Does formatting really remove everything on a physical hard drive

formattinghard drive

I would like to understand what does formatting really remove.

When launching a computer, something shows up, resembling DOS. This can't possibly be stored on a hard drive ? Where is it stored then ?

I read that there is a boot sector on the hard drive, is there some leftover on the hard drive after formatting it ? Does it really ends up with 0 bytes left on a drive ?

Best Answer

That's really three different questions, with a long, hard road to full understanding.

Let me try to compress that into smaller, simpler ideas...

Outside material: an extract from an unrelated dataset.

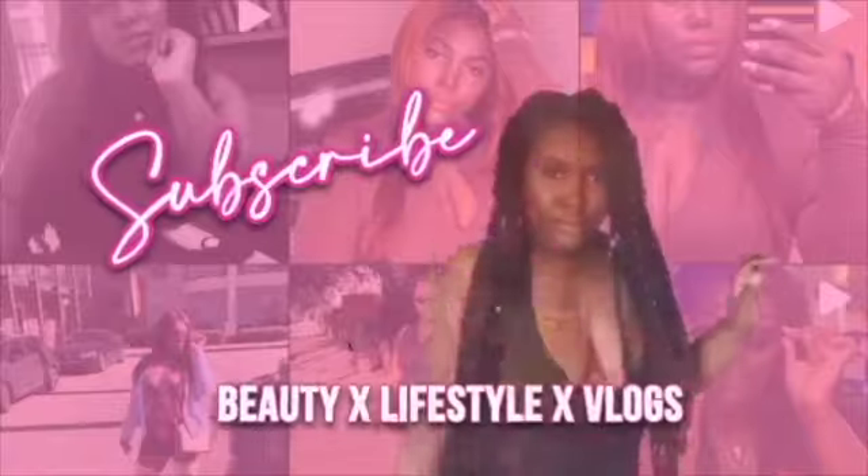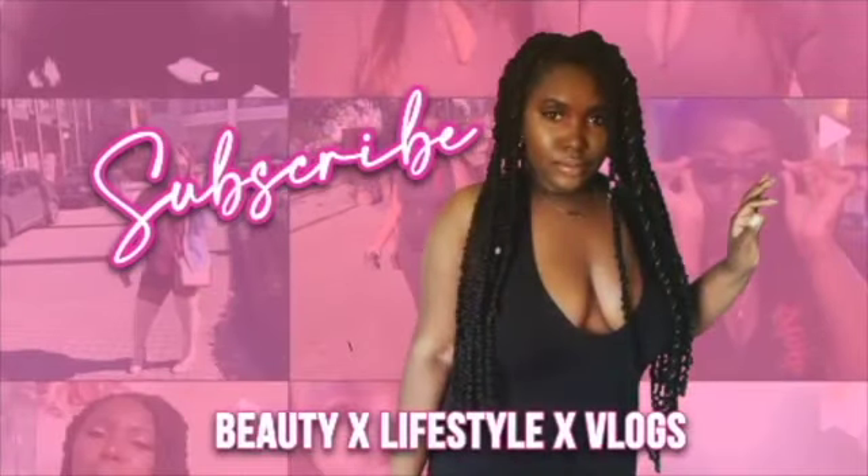Hello everyone, welcome back to my channel! Today I will be doing my eyebrows tutorial. A lot of people ask me about my eyebrows, and every time I go out I need my eyebrows done. Once my eyebrows go off, that's it — the party is over. How many ladies feel that way?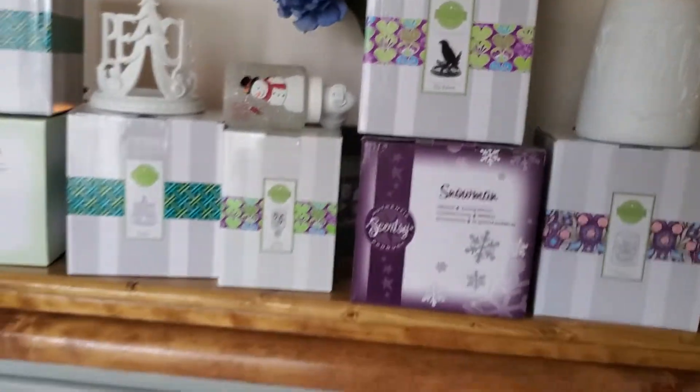Hey guys, it's Crystal and I'm an independent Scentsy consultant. Someone had asked if I could go into it a little more and show what I've got here, so I figured why not. Let me just flip the camera around and show you what's going on. There we go — here's my cabinet, and I took some items out to show you.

Think of a hard drive like a reference book with an index at the back to quickly look up relevant sections. Then remove the index. The book is still readable, but only in a more linear fashion. It's harder to find the right chapter, but not impossible.

If you quick format a drive, all you are really doing is removing the 'index' - all the actual data is still there. At this point, if anything were to try to write to the disk, it wouldn't 'know' the old data was there & so would build a new 'index' & write over any old data.

A full format would overwrite the actual data itself - though it may still be recoverable with advanced techniques.

When you boot a computer with a wiped or totally blank hard drive, what you see is a tiny operating system (actually a standalone program, but it acts like a small OS, to all intents & purposes) that is kept in the actual computer hardware, not on the hard drive itself - which just tells the machine where to look next for instructions.

The boot sector is a small sector of the hard drive that contains an instruction telling the computer where to look next for a fully bootable system.